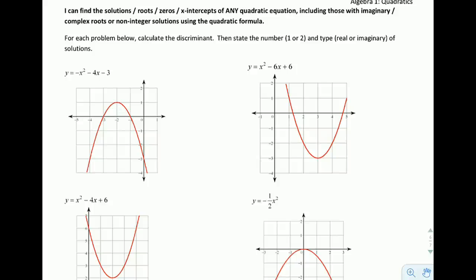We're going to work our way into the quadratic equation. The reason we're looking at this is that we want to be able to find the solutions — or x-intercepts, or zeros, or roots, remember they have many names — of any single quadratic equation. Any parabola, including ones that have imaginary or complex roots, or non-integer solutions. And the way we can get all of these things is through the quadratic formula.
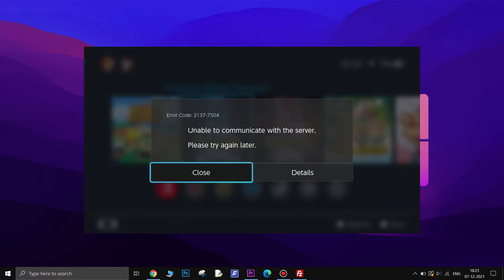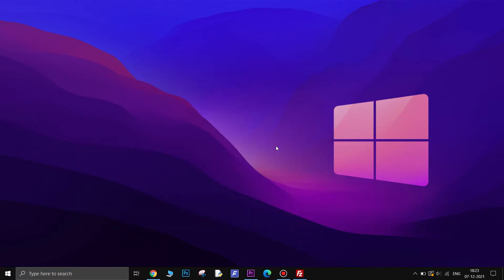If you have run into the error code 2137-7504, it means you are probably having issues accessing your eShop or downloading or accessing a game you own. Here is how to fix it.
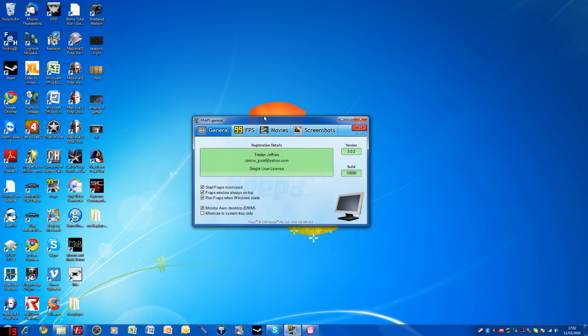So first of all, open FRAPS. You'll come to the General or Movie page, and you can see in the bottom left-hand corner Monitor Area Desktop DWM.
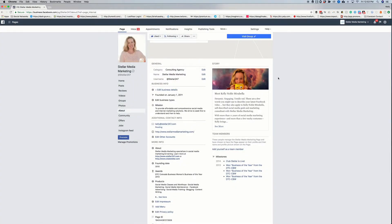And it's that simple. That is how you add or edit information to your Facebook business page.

==

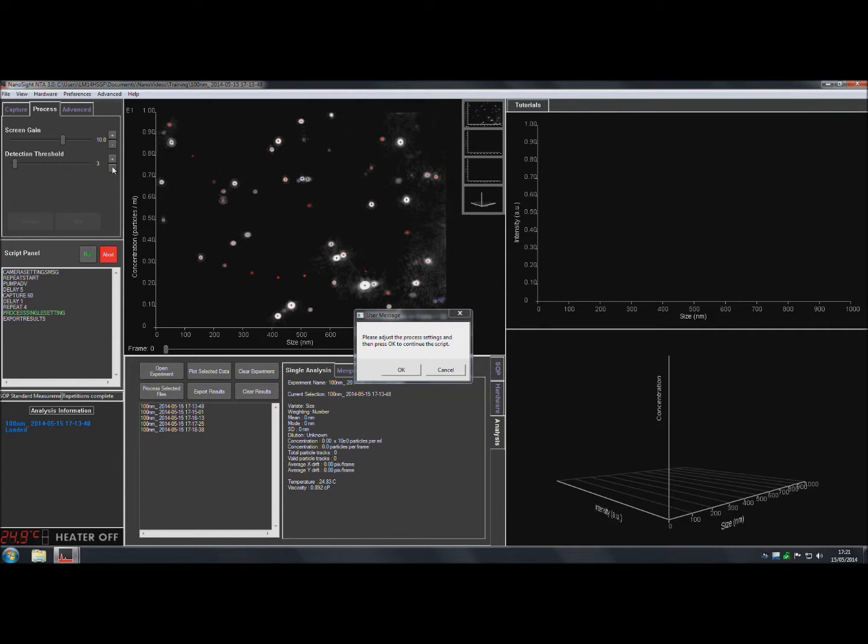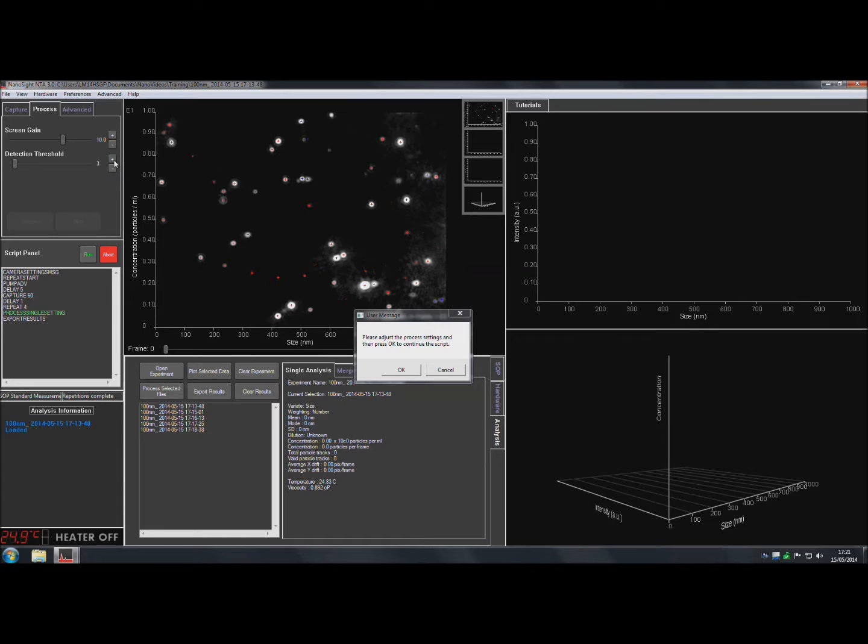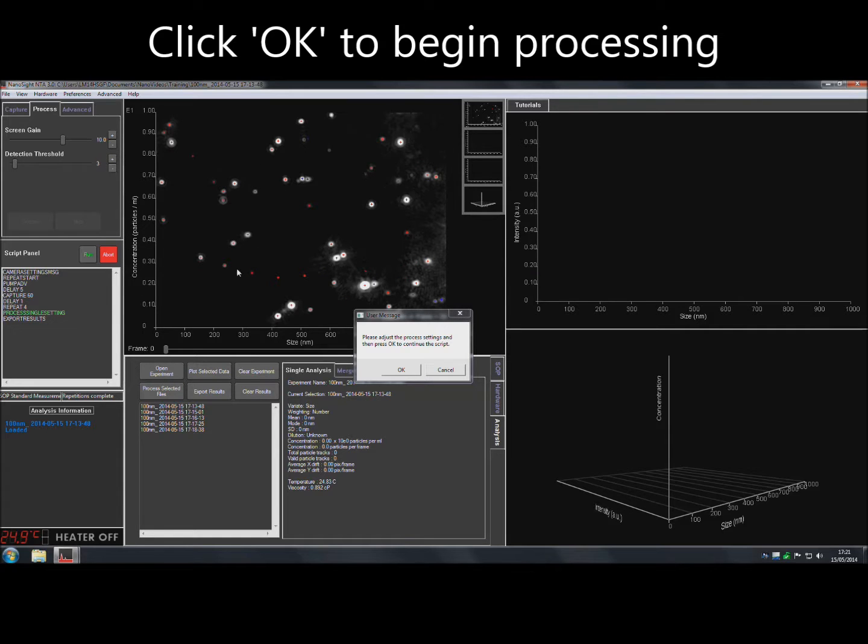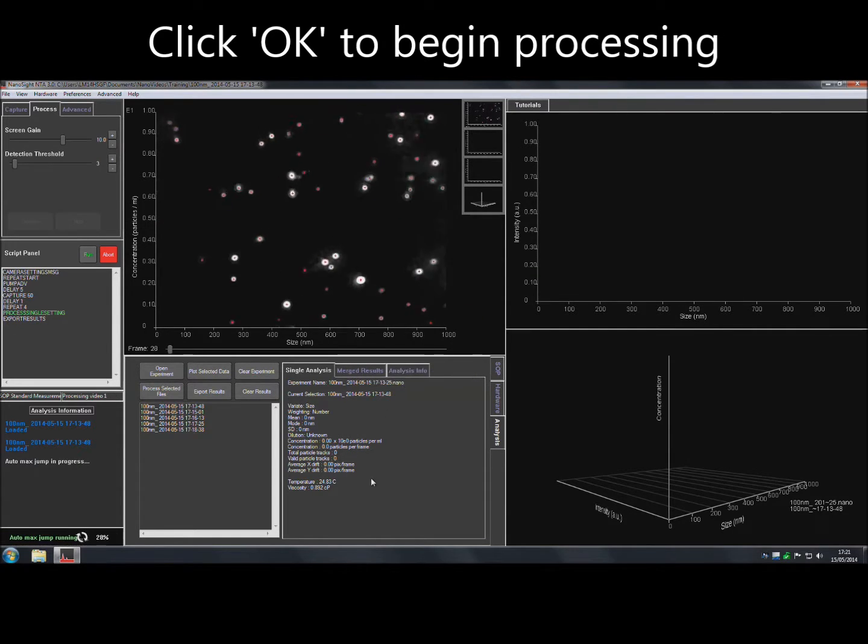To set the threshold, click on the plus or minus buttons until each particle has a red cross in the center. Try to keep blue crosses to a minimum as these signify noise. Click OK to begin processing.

## EXERCISE DETAILS
Transcribe, word for word, the lines of the listing above from the one that contains "We're going to" through the one that contains "If you have", keeping both ends and dropping the pictures.

## REPLY TO THE TASK
We're going to work our way into the quadratic equation. The reason we're looking at this is that we want to be able to find the solutions — or x-intercepts, or zeros, or roots, remember they have many names — of any single quadratic equation. Any parabola, including ones that have imaginary or complex roots, or non-integer solutions. And the way we can get all of these things is through the quadratic formula.
If you have run into the error code 2137-7504, it means you are probably having issues accessing your eShop or downloading or accessing a game you own. Here is how to fix it.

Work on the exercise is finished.